Tips for Mac users

My MailBox is Full!

tvalleau

How your email works (or sometimes doesn’t).

“Your email was not delivered: recipient’s inbox is full!”

Websites serve up pages of information, photos, videos, text and so on, upon request. Your web browser (Explorer, Google Chrome, Firefox, Safari) requests a web page, and some computer running “server” software, sends the information back.

Of course, the sent information stays on the server for other requests, and it is a copy is sent to you.

Email works pretty much the same way. When someone sends you an email, it doesn’t go directly to you (your computer may be off for the night.) It goes to some computer running server software (an “email server”) where it sits waiting for you to come ask for it.

In “the good old days” before iPhones and laptops, you could ask for all your waiting email, and it would be sent to you and removed from the server. (It was “moved” to your computer, instead of “copied.”) At that point, the only copy was “local” – on your personal computer, and the space on the “remote” server was freed up to use for other incoming email.

With the advent of iPhones, iPads, laptops and so on, That became very inconvenient  because once the email was removed from the server, none of the others could access it. If you wanted to look at your email on your phone, and then later deal with it on your home computer,  a copy still had to be on the server so your home computer could get it.

OK: the first version, where one device moves the email, ( deleting it from the server) is called “POP3”, and the version where multiple devices can access a copy of the email because the email stays on the server, (it’s only copied to your local device) is called “IMAP.” (Think: “POPs off the server” vs “MAPs to the server” if that helps.)

The convenience of IMAP is that you can read and reply using multiple devices.But a server is just a computer with a hard drive exactly like your home computer, and you know that you can fill up your hard drive if you put too many files on it.

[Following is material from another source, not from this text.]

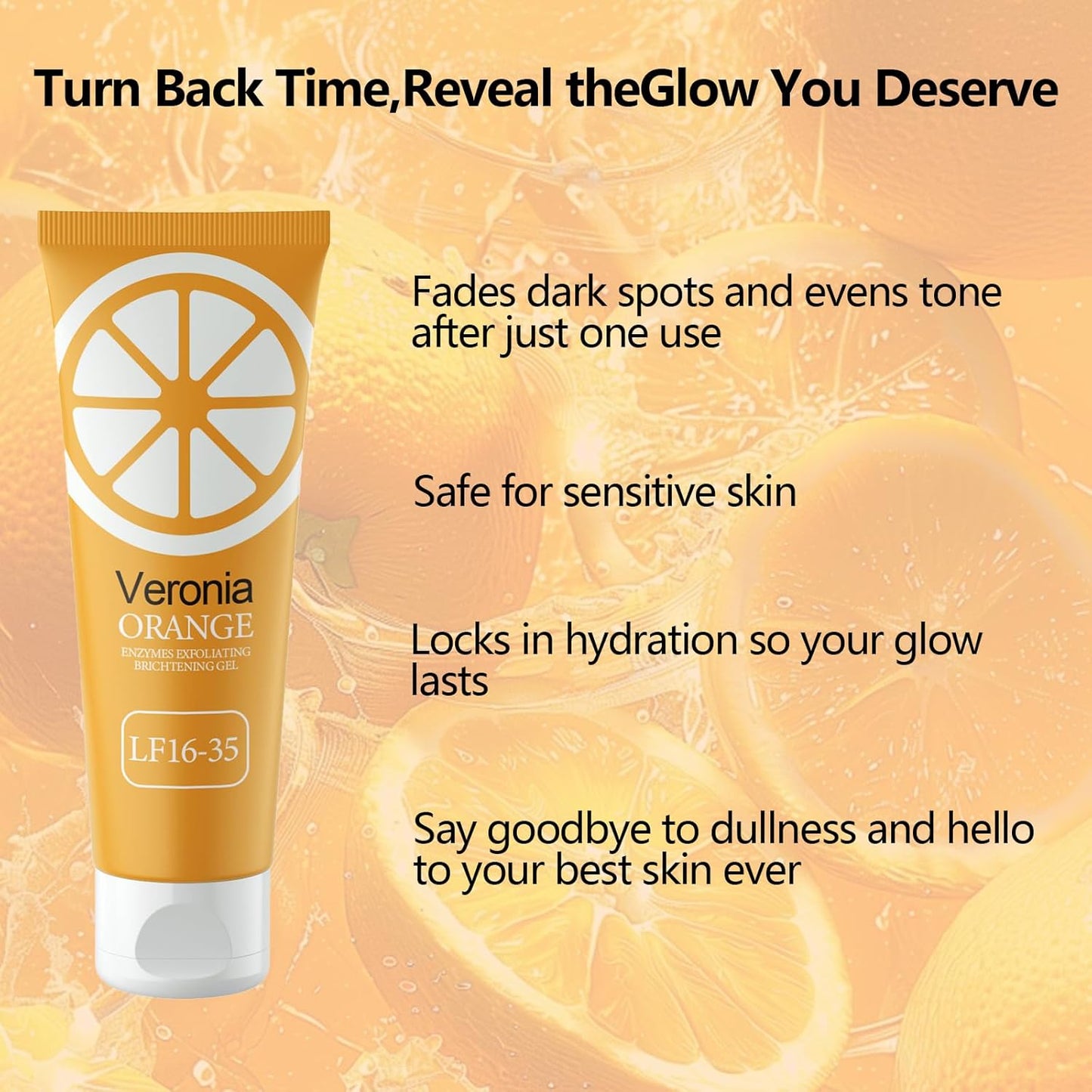 Veronia Orange Enzyme Exfoliating Gel, Moisturizer Face Body Scrub Gel, Deep Clean Pores, Remove Blackheads & Moisturize Skin, All Types Skin (1pcs)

Well, ditto for IMAP email. Each day more and more emails fill up the remote email server’s hard drive. True, it’s not -your- hard drive, but that doesn’t mean it won’t fill up. The company that is providing that drive space for your email will have to set limits on how much space each email address can have. Eventually they will tell you that “your INBOX is full.” Emails sent to your address will bounce back with a “mailbox full” error, and you’ll stop getting emails. (In computer jargon, this is known technically as “a bad thing.”)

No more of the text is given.